Paper Title
Reliability Assessment of Future Power Distribution by using FMECA

Abstract
Electricity networks operators must operate their network with a high degree of efficiency and liability. This paper provides a background on reliability concept in power systems from both customer and utility perspectives. It presents some common power system reliability evaluation metrics and a number of analytical and simulation methods used for reliability assessment. This work discusses the models and methods used for reliability evaluation of distributed energy resources (DER) through an example of wind turbines. It provides an introduction to DERs and describes the models developed based on each analysis technique for wind generation reliability assessment. It provides the models and approaches toward reliability evaluation of smart power distribution systems (SDS).
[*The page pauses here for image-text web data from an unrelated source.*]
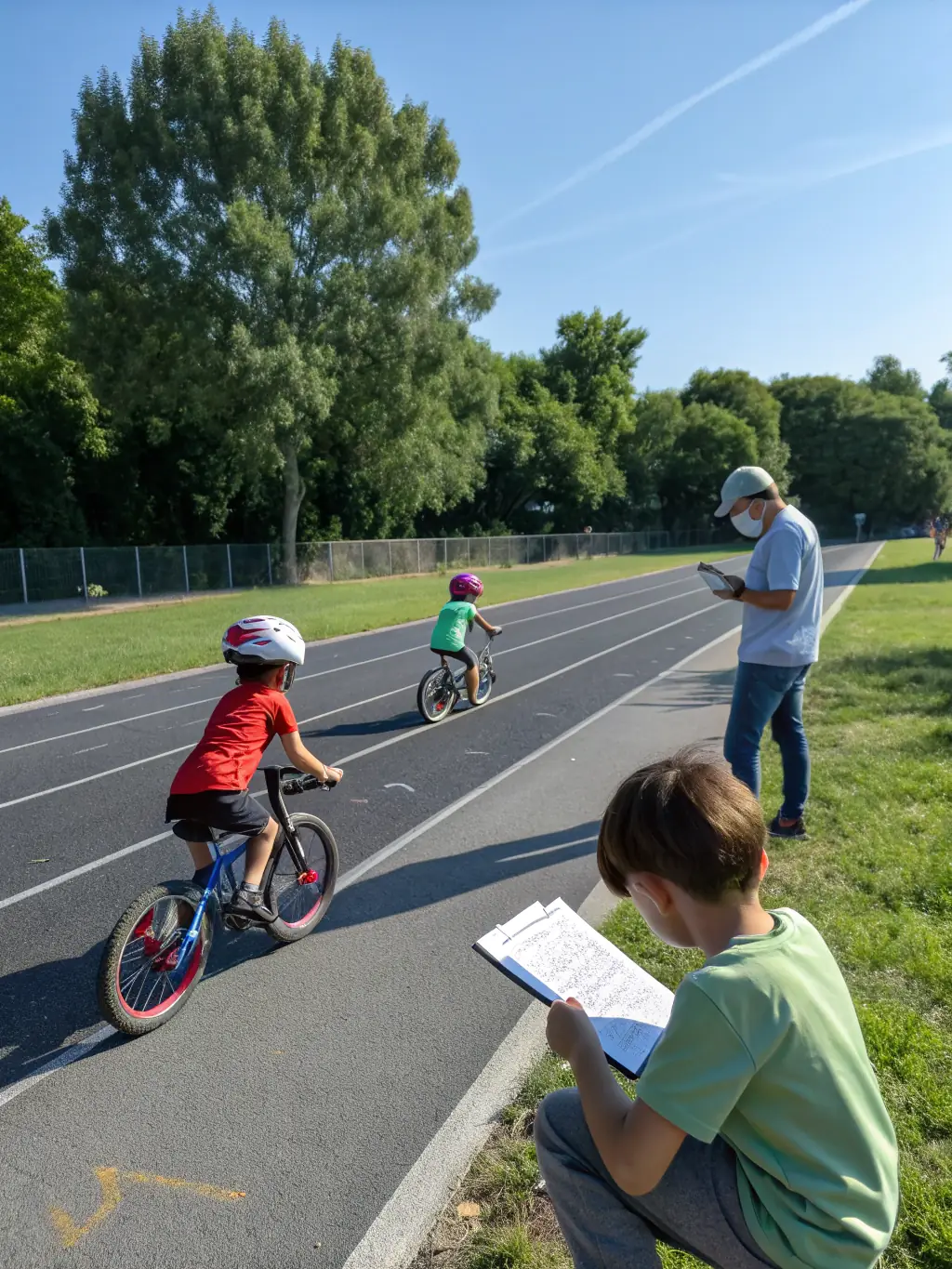 A group of children participating in a cycling skills workshop, learning basic bike handling and safety techniques in a controlled environment.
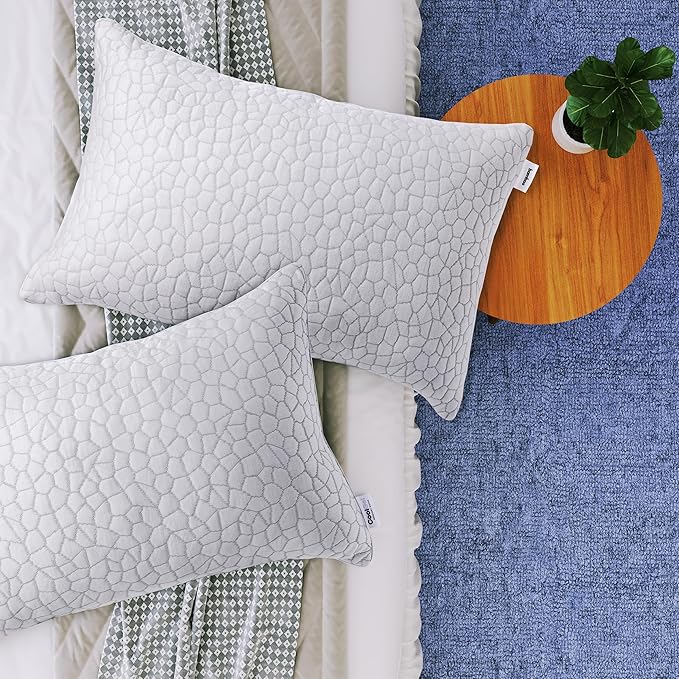 Cool Gel Cooling Pillow for Hot Sleepers - King Size Set of 2 Shredded Memory Foam Pillows for Sleeping - Adjustable Neck & Shoulder Support, Reversible Cover, Hypoallergenic & Breathable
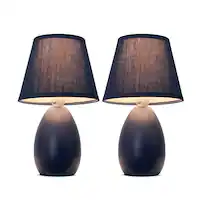 Simple Designs - Mini Egg Oval Ceramic Table Lamp 2 Pack Set - Black - Front_Zoom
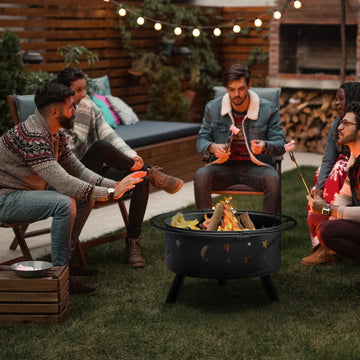 30-Inch Square Metal Fire Pit in Black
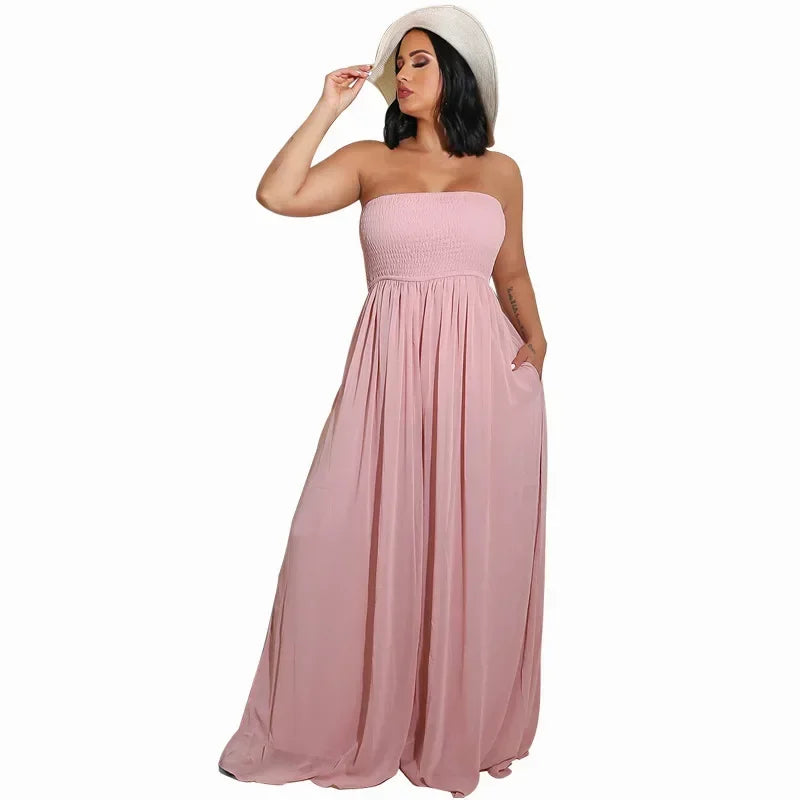 Women Strapless Sleeveless Long Loose Wide Leg Pants Overall Jumpsuits High Waist Solid Color Full Length Pants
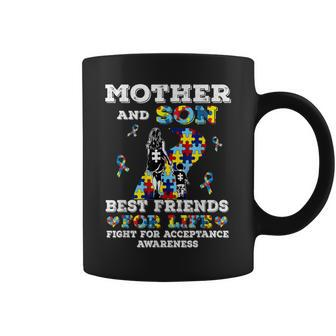 Mother And Son Best Friends For Life Autism Mom Mother Coffee Mug - Monsterry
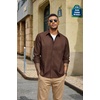 image:imageCOOFANDY Mens Heavyweight Denim Shirt Long Sleeve Button Down Jean JacketBrown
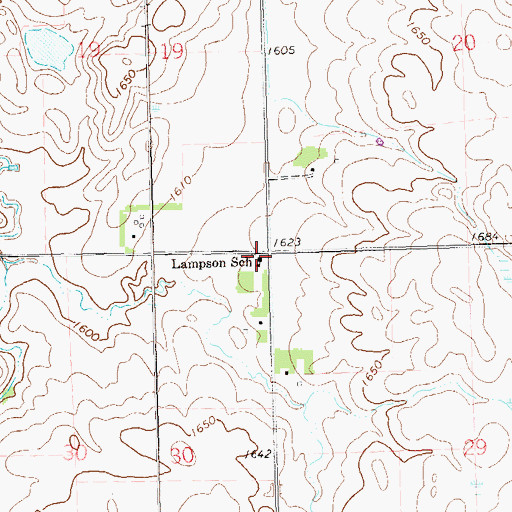 Topographic Map of Lampson School, SD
SDS and three simulation models developed for reliability analysis are discussed. Next, the required studies and sensitivity analysis are explained considering different aspects of a smart grid, such as demand management, renewable generation and storage, customer interactions, etc. An improved FMEA method was proposed for reliability evaluation of renewable generation, such as wind turbines. A Markovian model was proposed to evaluate the reliability of wind farms where each state of the model represented the number of similar wind turbines working at a time in order to reduce the computational burden compared with a two-state Markov model. A number of simulation approaches for reliability evaluation were proposed which could address different aspects of future power distribution systems. Keywords - Distributed Energy Resources (DER), Smart Power Distribution Systems (SDS), Failure Mode, Effect, and Criticality Analysis (FMECA), Monte Carlo Simulation (MCS).